そんな或る日、ペアの三人と「えん退壕」に退避させてある銀河の電信機,帰投装置を整備
する為に乗り込み整備をしていると突然何の前触れも無く警報も出ないうちに敵の艦載機の
空襲があり、激しい銃撃の音、ロケット弾の炸裂音が響きわたり、のどかに見えていた飛行
場は一瞬のうちに修羅場となり逃げる整備兵,燃える資材等で空は煙が立ちこめ、その中を
敵機は乱舞していました。「危ない」と直感した私は飛行機から飛び降りペアの二人に何か
を云ってえん退壕から飛び出し、誘導路のそばに有った防空壕を目指して全速力で走りまし
たが、何といっても飛行服に飛行帽それに長靴をはいていては走れるものではありません。

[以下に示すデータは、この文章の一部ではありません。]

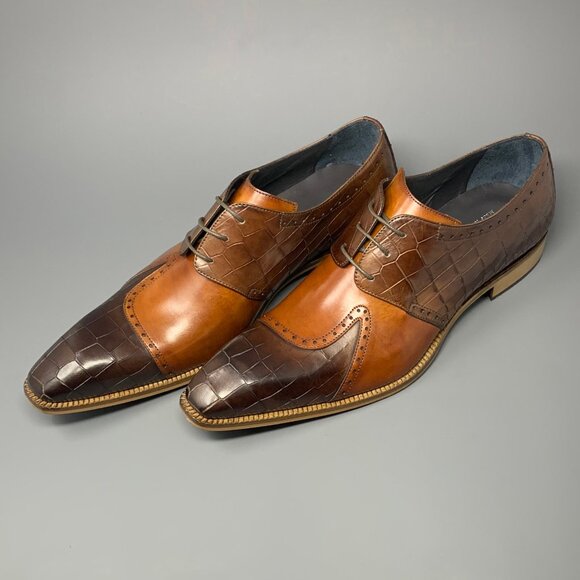 *NEW* DUCA ‘Valentano’ Italian Calfskin / Croco Embossed Print / Men’s 13 Derby - Picture 2 of 14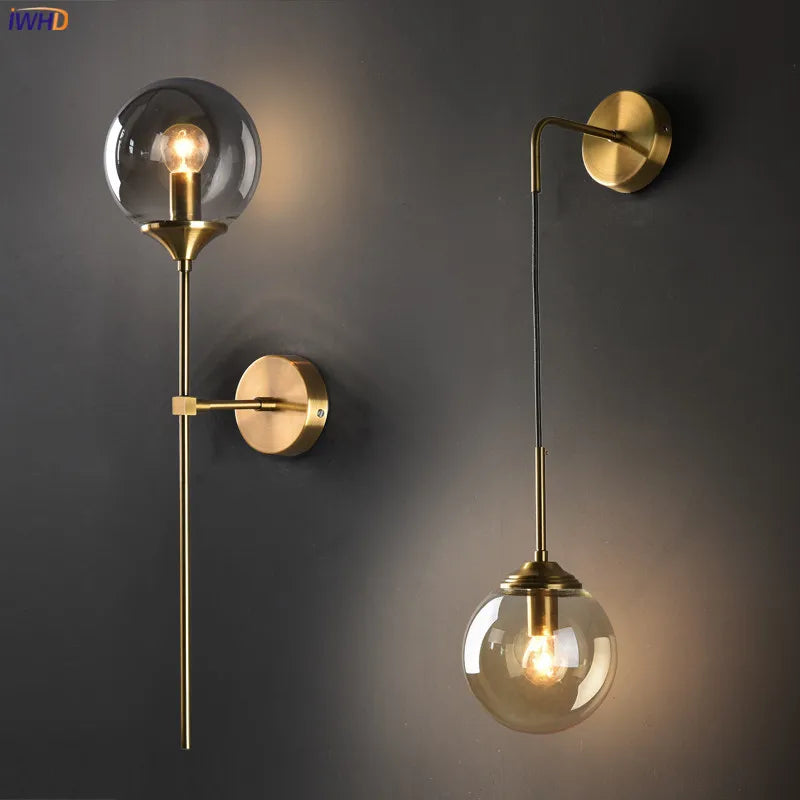 Helnys Nordic Glass Ball LED Wall Lamp for Bedroom and Bathroom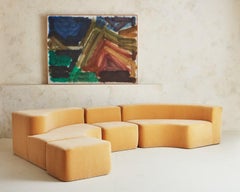 Modular Sofa in Golden Mohair in the Style of the "Lara Sofa" by Roberto Pamio
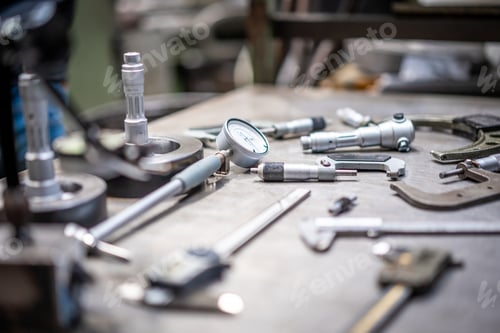 Preview: Machines of the metal industrial factory of the numerical control sector, measurement tools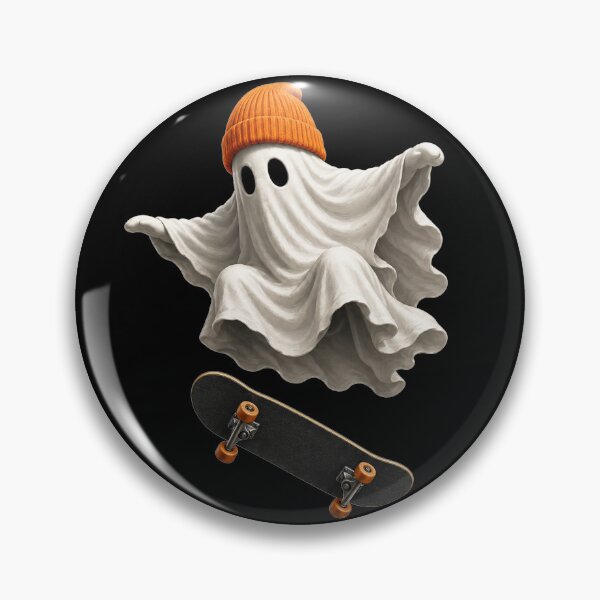 Item preview, Cute Ghost Skateboarding with Orange Beanie | Spooky Halloween Skater Vintage Graphic designed and sold by HectorStore11.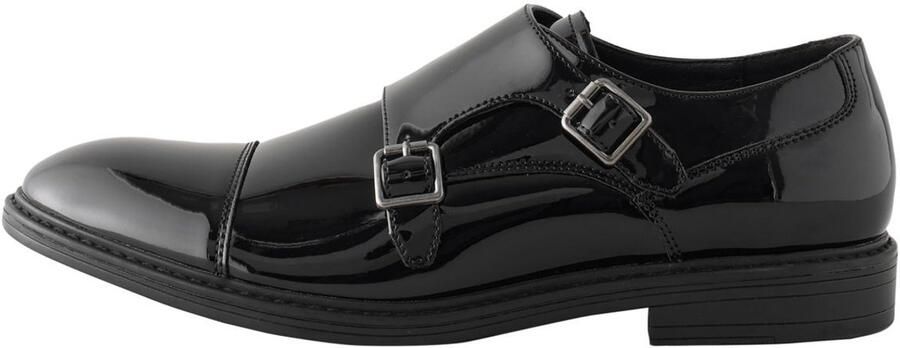 Next Heren Glanzende dubbele monnikschoenen met neusstuk Zwart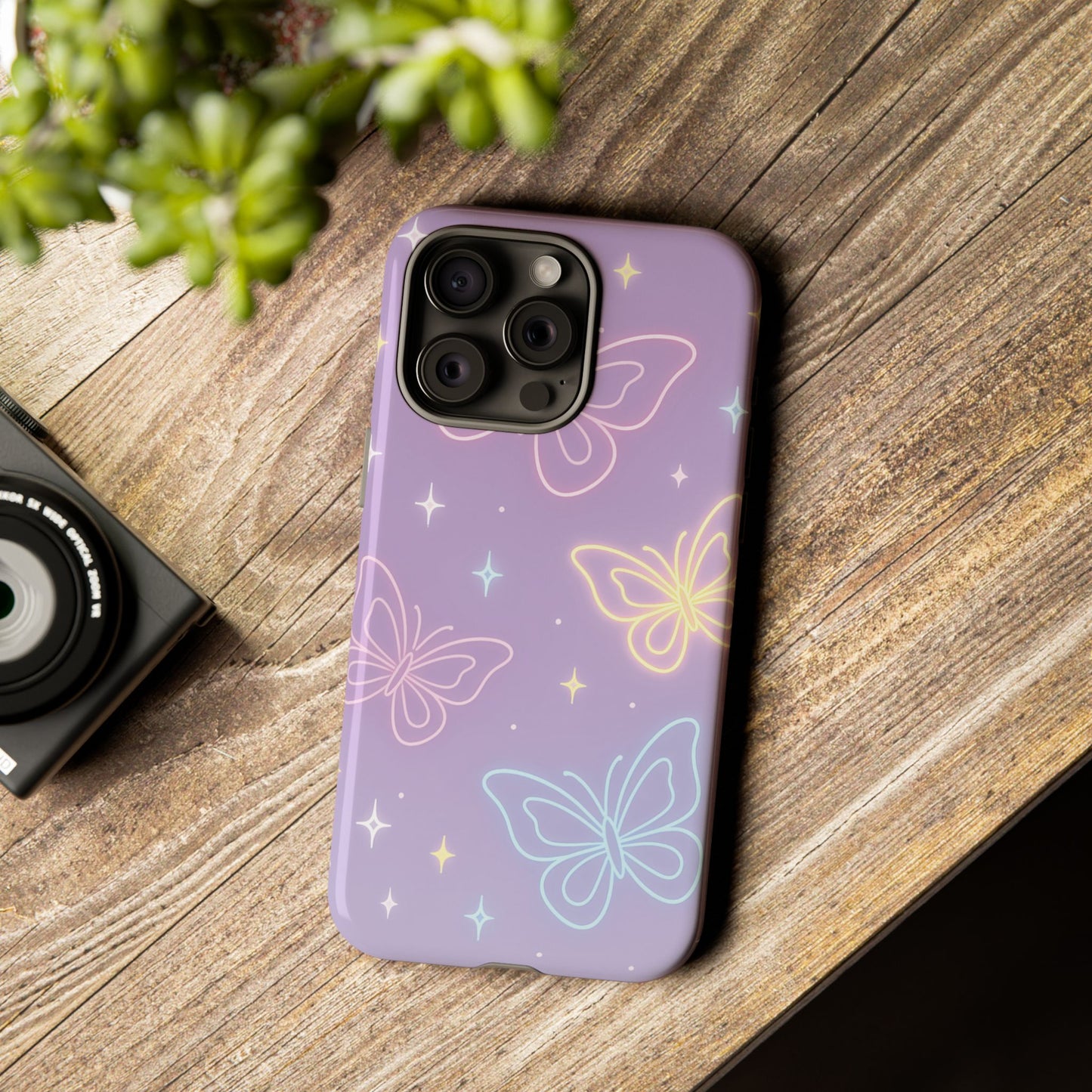 Pastel Butterfly Dream Phone Case – Purple Neon Glow with Stars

おまけに何の隠れ場所もない誘導路、動くものを見つけたら撃って来る飛行機、逃げる後ろ
にパシッと云う着弾破裂音、咄嗟に伏せると前に又着弾音、飛び去る飛行機をみて後から来る
飛行機の居ないのを確かめて又走り出す。                     

近い様でなかなかたどり着けない防空壕、飛び去った飛行機が旋回して来るのか又激しい銃
撃音、横の方に転げたり、そのまま走ったりしてやっとたどり着いた防空壕に飛び込みホッとして
空を見ると顔も見える位に低く飛んで来て防空壕を銃撃する敵機又あわてて防空壕の
奥の方へと逃げ込むと、何とそこに有ったのは台車に積まれた航空魚雷が二本置いてありました。
目が馴れて、良く見ると安全装置は着けてあるものの信管迄ちゃんと装着されており
火薬庫に飛び込んだのと同じでした。あきらめと云うかふてぶてしいと云うのか銃撃戦はロ
ケット弾が命中すればそれで一巻の終わりと思うと気も楽になり魚雷にまたがって仰向けに
寝ころび空襲の嵐が過ぎ去るのを待ちました。

空襲警報が解除される前、爆撃音がしなくなってから、そこから抜け出し誘導路を歩きながら
飛行帽,飛行服のポケットに入れていた飛行手袋等を見つけ出し『ああ生きていたんだ』
と云う実感が湧いてきました。
えん退壕の飛行機はどうなっただろうかと思い乍ら行ってみるとペアの二人は銀河に乗ったまま
座席ベルトを締めてちゃんと座っていました。
話を聞くと、二人共空襲の間逃げ出す機会を失い、一度は機外に出たのだけれど逃げ出せず
どうせ死ぬのなら愛機と一緒にと又乗り込んで座っていたとのことでした。

その様な日が続くうち広島に新型爆弾が投下され、長崎にも投下されたとの噂が立ち、この
爆弾の光を防ぐ為、体を露出させてはいけない、屋外に出る時は必ず白い長袖を着用するこ
と、白色は光を反射するから等の注意がなされた。

昭和二十年八月十五日、その日は暑く雲一つない日であった。
美保基地から新川基地?に移動する為、搭乗員は全員集合しトラックに乗っての移動が開始される。
正午には陛下の玉音放送が有るので、それ迄に移動は完了する様にとのことであった。
           
一台のトラックに六十名位乗っていただろうか身動きの取れない皆立ったままのすしづめで
荷台の両側の人だけが辛うじて荷台のふちに腰をかけられる位であった。
私も幸か不幸かその荷台のふちに腰をかけることが出来、手は戦友の肩に或いは立っている人の
ズボンをつかんで安定を保つ位であった。道路も今の様な舗装道路ではなく凹凸道を走ってゆく。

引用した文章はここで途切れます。